Data, distribution and statistics
Why do we need Statistics?
In mathematics, most of the questions have definite answers. But in real life, even a simple question such as “How much time does it take you to go to school by bus” may not have a definite answer. Sometimes it takes 7 minutes and sometimes it takes 9 minutes. On other days, it takes 8 minutes. Yesterday, it took 10 minutes. Even a simple question like this produces answers that have variability, i.e. the answer varies from day to day. If there were no variability and every day it took exactly 9 minutes for a bus ride, then we would not need statistics. But, because data varies, we need a separate branch of mathematics called statistics to answer questions about the data.
What is a statistical question?
The question "How much time does it take you to go to school by bus" has variability in the answers. Such questions are called statistical questions. We'll learn more about them next.
Statistics is a problem-solving process and it starts with a statistical question. A statistical question is one where you expect variability in answers. And addressing these questions requires data. Here are some examples of statistical questions:
How many hours do you sleep every day?
How many minutes do students in your class spend on homework?
What is the favorite food of your class?
In a presidential election, do potential voters support Joe Biden?
How do the annual salaries for men and women in similar occupations compare?
And here are some examples of questions that are not statistical.
Where in town does our math teacher live?
How many minutes of recess do sixth-grade students have each day?
These questions are not statistical because the answers to these questions do not vary.

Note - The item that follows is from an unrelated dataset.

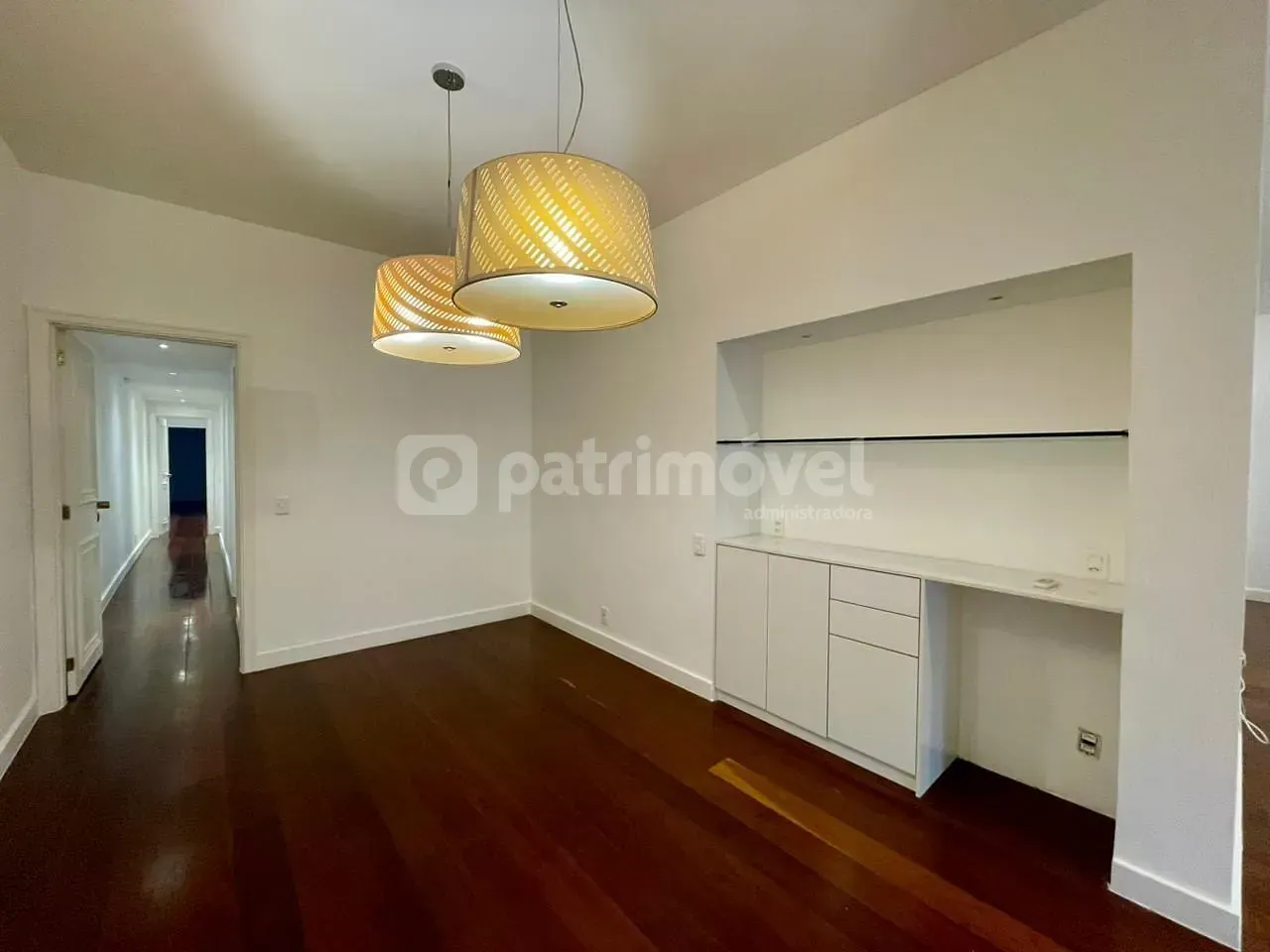 4-bedroom apartment with pool and 3 parking spaces — photo 4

The math teachers live in a particular location and each day the recess is the same, let’s say 20 minutes.
What is a variable?
To answer a statistical question, we need data. Data consist of observations or measurements on a variable. In statistics, a variable is a characteristic that may be different from one individual to another or from one instance to another.
For example, in the statistical question “How many minutes do students in your class spend on homework?”, the number of minutes students spend on homework is called a variable because its measurement varies from one individual to another. In the case of the statistical question “How many hours do you sleep every day?”, the number of hours is a variable because its measurement will change from one day to another.
Numerical and categorical variables
The answer to both of these questions “How many minutes do students in your class spend on homework?” and “How many hours do you sleep every day?” are numerical. The number of minutes spent on homework is a quantity such as 20 mins, 60 mins, and so on. Similarly, the number of hours you sleep is also a quantity. How do you know they are quantities? Well, if you add any two quantities, you get a third quantity. If you sleep 8 hours today and 7 hours tomorrow, you would sleep a total of 15 hours in two days. So adding two quantities makes sense.
However, the answer to the question “What is the favorite food of your class?” is not numerical. It could be Pizza, Burger, Sandwich, or any other food. Similarly, the answers to the question “In a presidential election, do potential voters support Joe Biden?“ are Yes, No, or Maybe. These are called categorical variables because rather than quantities, they have categories such as ‘Pizza’, ‘Burger’, ‘Yes’, ‘No’, and so on as an answer.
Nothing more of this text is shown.